Copy out the listing that follows exactly, dropping every picture.

#### Provided material
..........

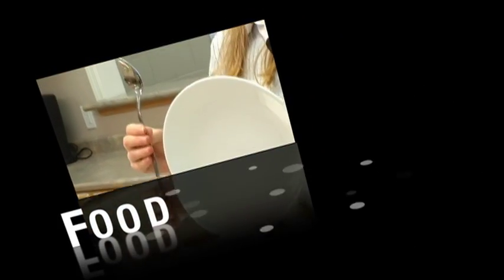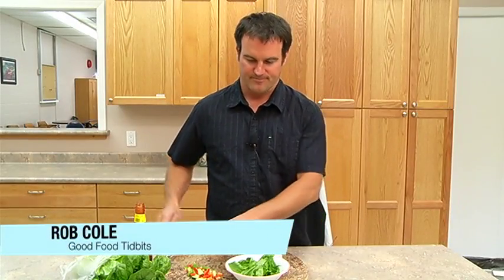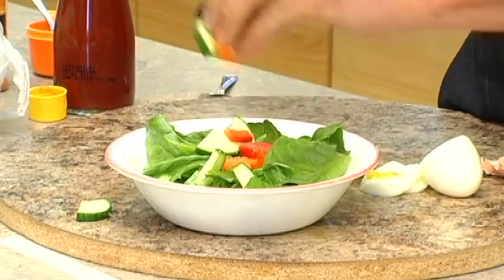Today's Good Food Tidbit is about salads hot and spicy. The green salad is not always going to be as appetizing as you might think, but you got to get more vegetables in there, a little more color — spice it up. Get some protein in there.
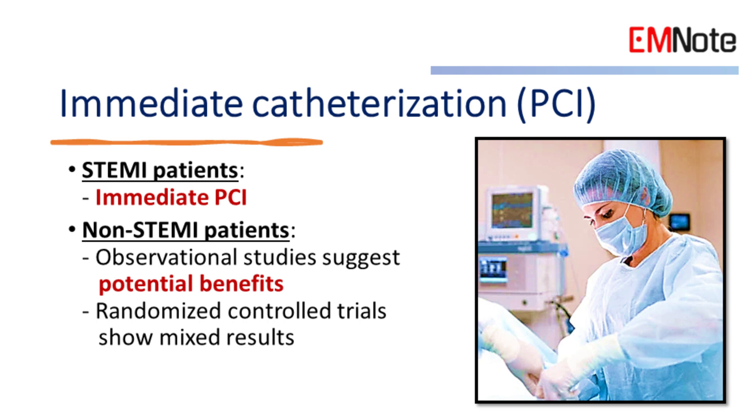However, for non-STEMI patients, the benefits of immediate catheterization are less clear. While observational studies suggest potential benefits, randomized controlled trials found no significant difference in outcomes between immediate and delayed catheterization for non-STEMI patients.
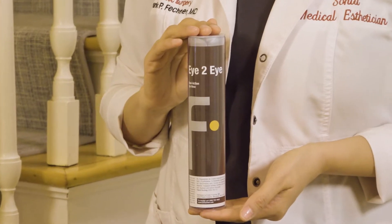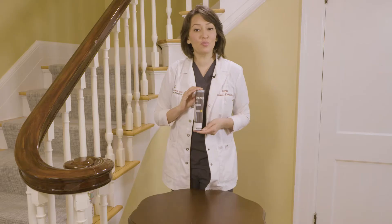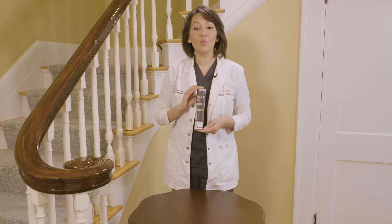Eye to Eye is an intensive, restorative eye program consisting of two products for use on alternating evenings. On Sunday, Tuesday, and Thursday evenings, you'll use the first product to feed and nourish your skin with antioxidants and peptides.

..........

#### Your response
Today's Good Food Tidbit is about salads hot and spicy. The green salad is not always going to be as appetizing as you might think, but you got to get more vegetables in there, a little more color — spice it up. Get some protein in there.
However, for non-STEMI patients, the benefits of immediate catheterization are less clear. While observational studies suggest potential benefits, randomized controlled trials found no significant difference in outcomes between immediate and delayed catheterization for non-STEMI patients.
Eye to Eye is an intensive, restorative eye program consisting of two products for use on alternating evenings. On Sunday, Tuesday, and Thursday evenings, you'll use the first product to feed and nourish your skin with antioxidants and peptides.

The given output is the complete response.